THE DATA
────────────────────────────────────────
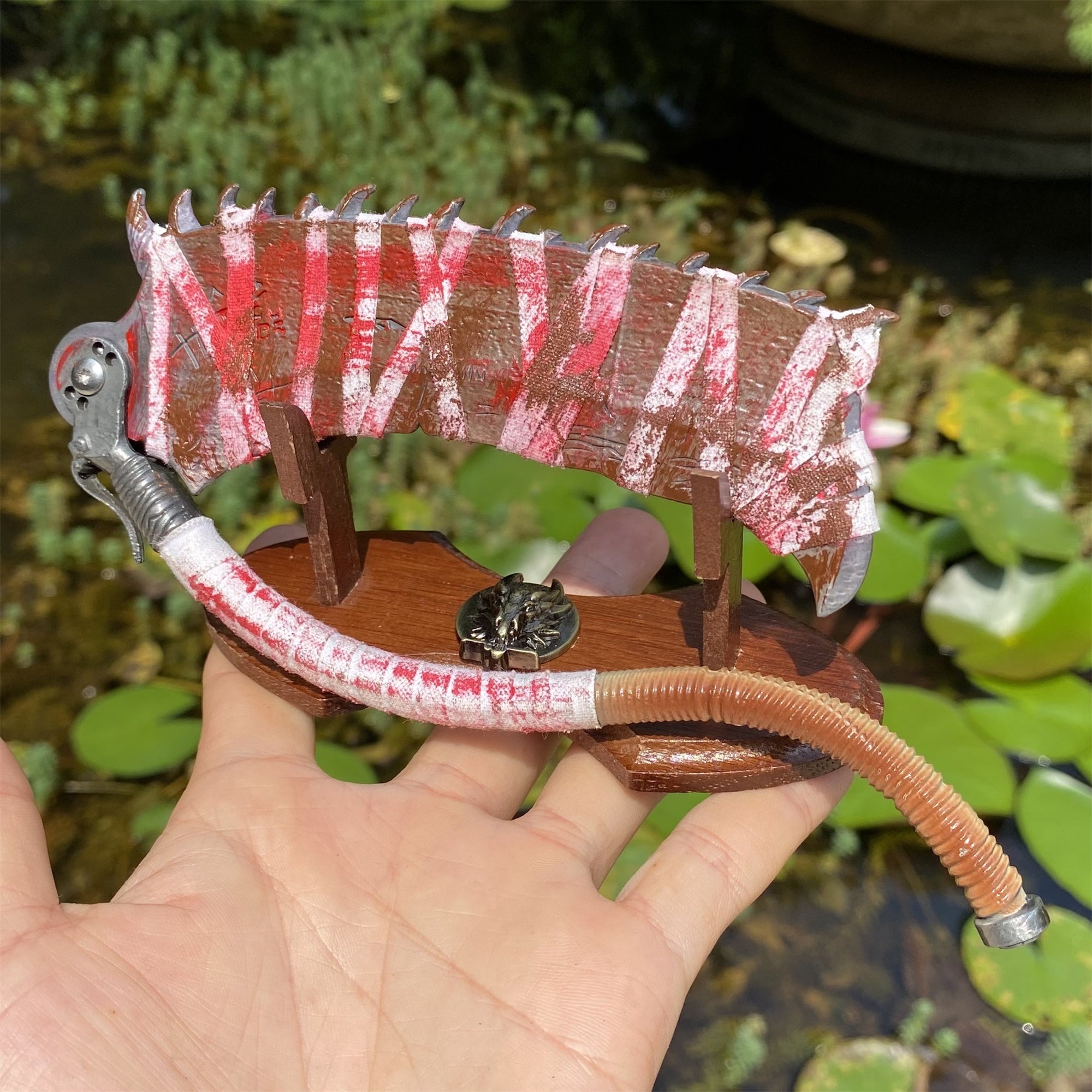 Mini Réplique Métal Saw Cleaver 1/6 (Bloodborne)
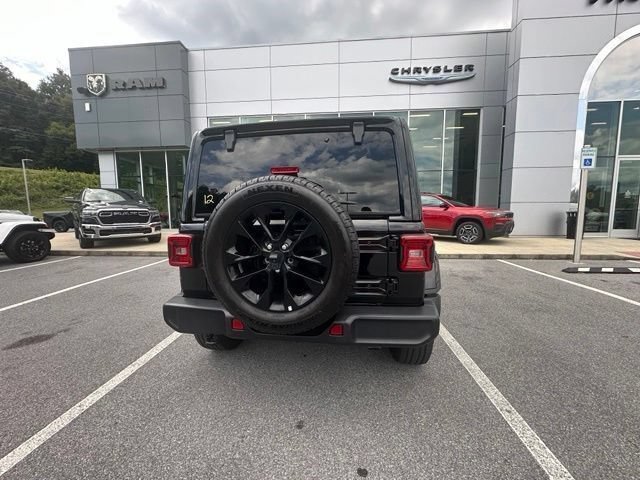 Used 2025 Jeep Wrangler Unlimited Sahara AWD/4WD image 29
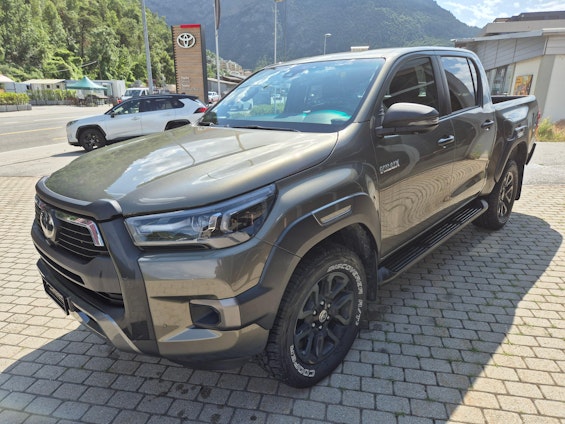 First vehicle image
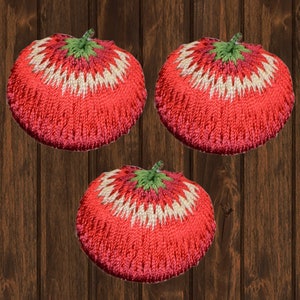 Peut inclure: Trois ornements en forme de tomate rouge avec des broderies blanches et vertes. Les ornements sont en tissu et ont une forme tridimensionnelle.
────────────────────────────────────────
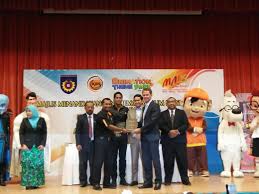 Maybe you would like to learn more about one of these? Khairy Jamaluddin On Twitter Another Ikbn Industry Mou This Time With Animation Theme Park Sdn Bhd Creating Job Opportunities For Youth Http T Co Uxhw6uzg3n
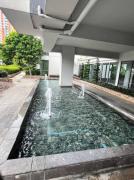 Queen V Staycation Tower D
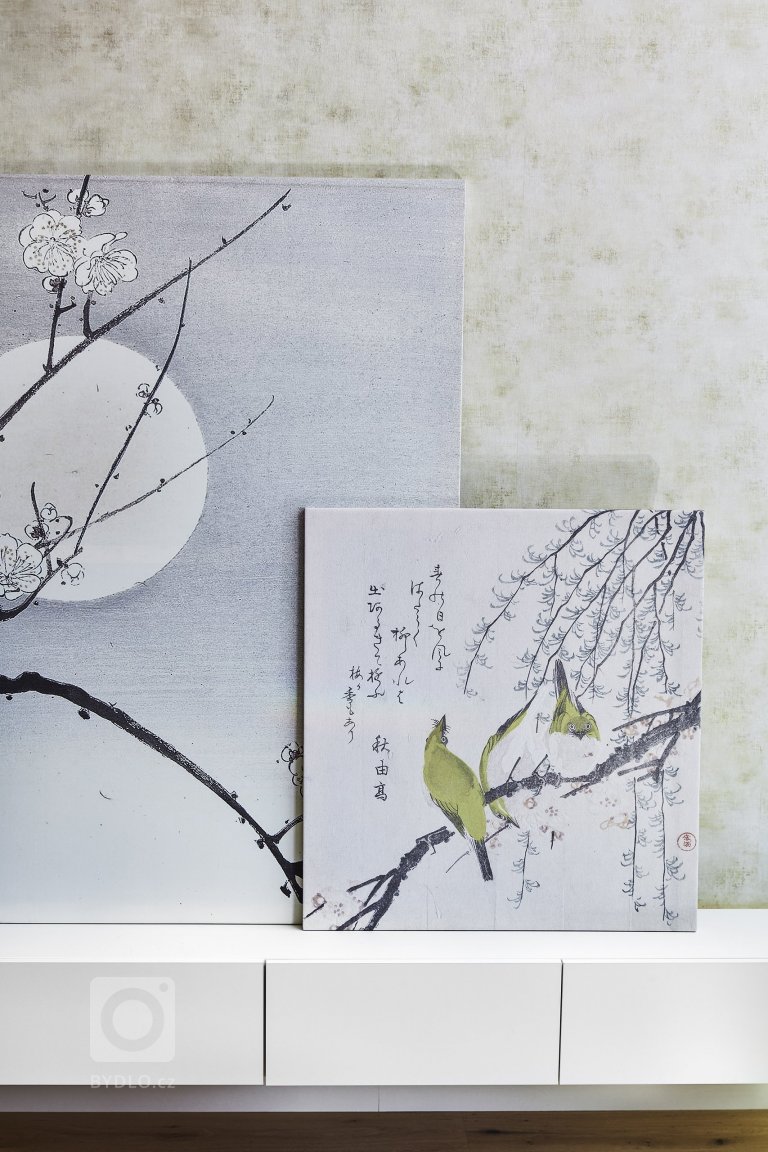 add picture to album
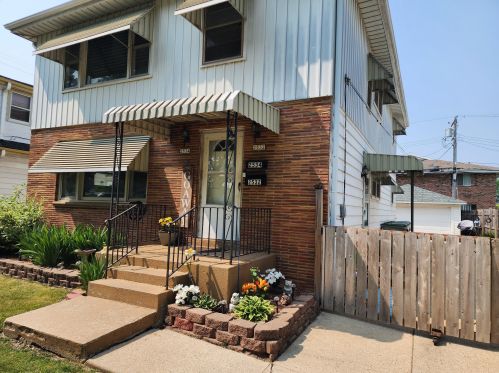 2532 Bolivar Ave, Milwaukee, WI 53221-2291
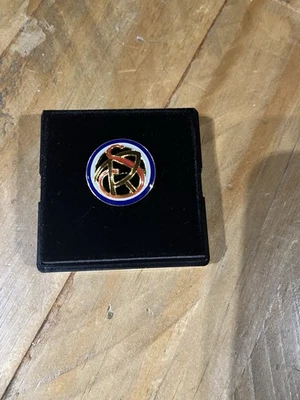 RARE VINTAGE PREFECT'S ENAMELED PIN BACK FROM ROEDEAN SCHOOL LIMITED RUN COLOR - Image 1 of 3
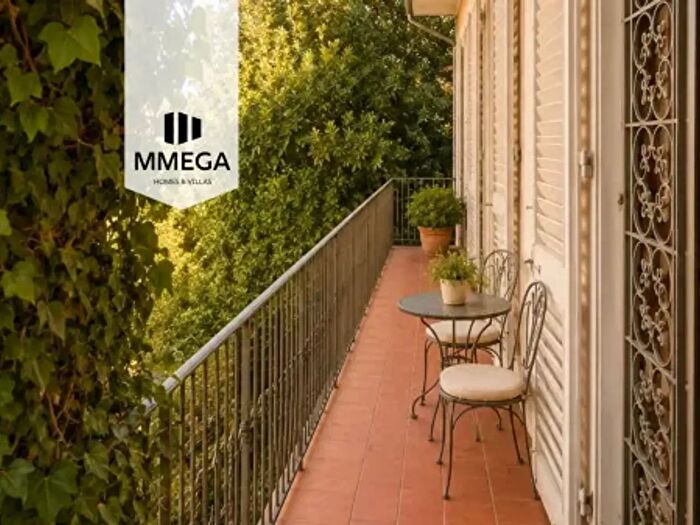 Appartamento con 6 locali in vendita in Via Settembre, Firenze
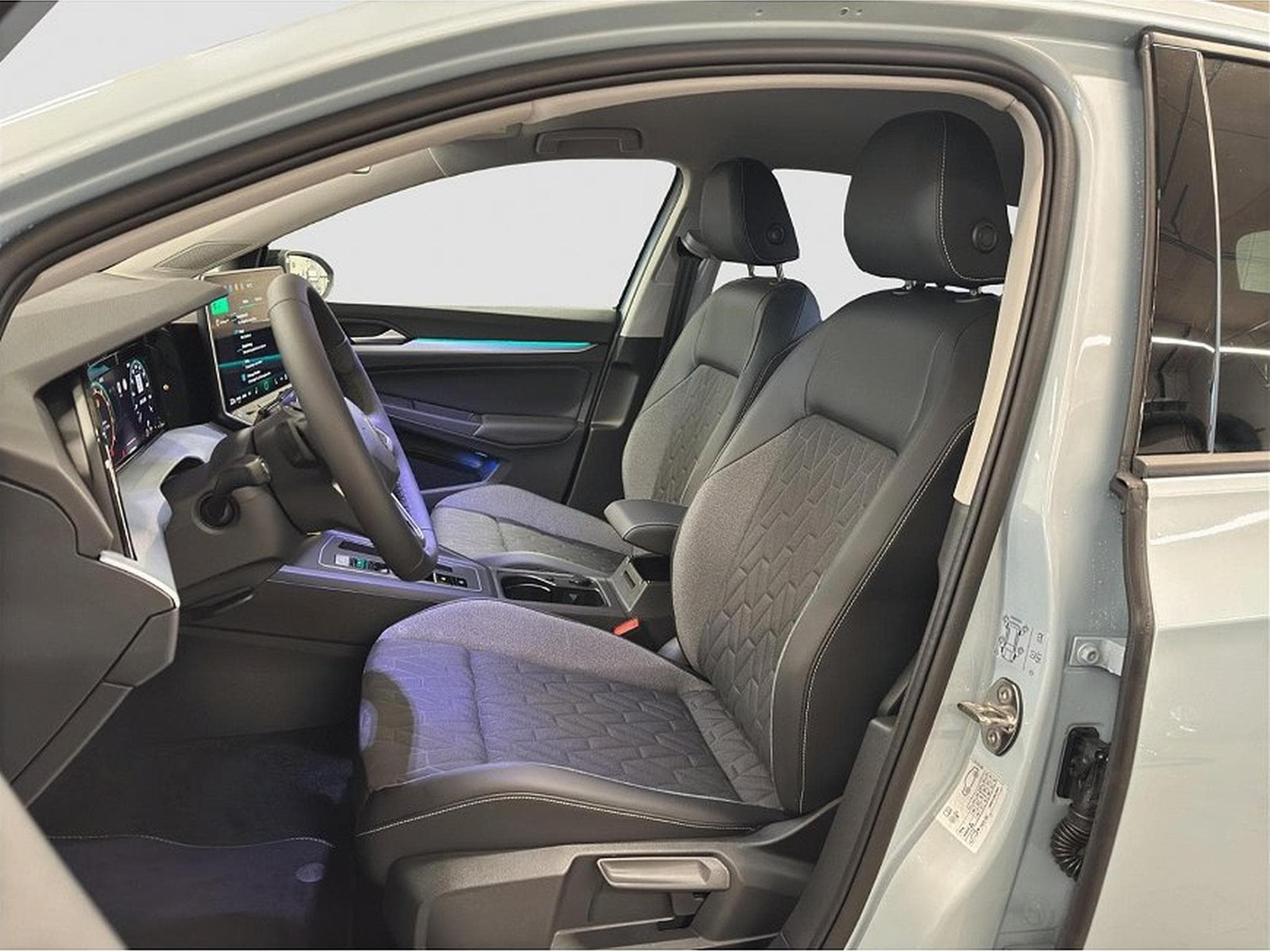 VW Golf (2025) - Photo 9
────────────────────────────────────────
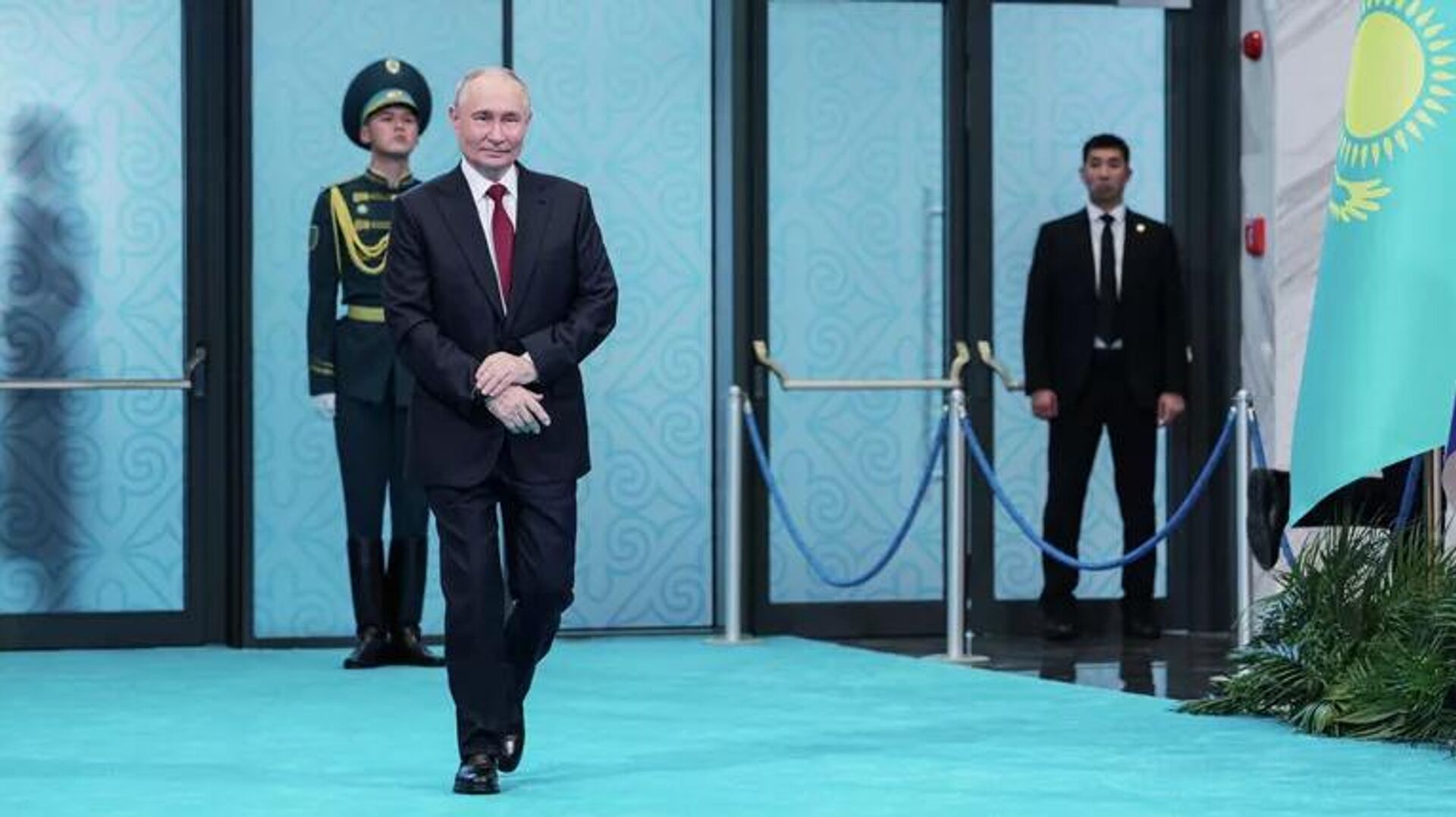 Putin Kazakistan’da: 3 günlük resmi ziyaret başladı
────────────────────────────────────────
WHAT IS BEING ASKED
The copy should hold only the lines from the one with "2532 Bolivar Ave, Milwaukee, WI 53221-2291" through the one with "VW Golf (2025) - Photo 9", exactly as they stand above. Leave out the pictures.

ANSWER FOR THIS EXERCISE
 2532 Bolivar Ave, Milwaukee, WI 53221-2291
 RARE VINTAGE PREFECT'S ENAMELED PIN BACK FROM ROEDEAN SCHOOL LIMITED RUN COLOR - Image 1 of 3
 Appartamento con 6 locali in vendita in Via Settembre, Firenze
 VW Golf (2025) - Photo 9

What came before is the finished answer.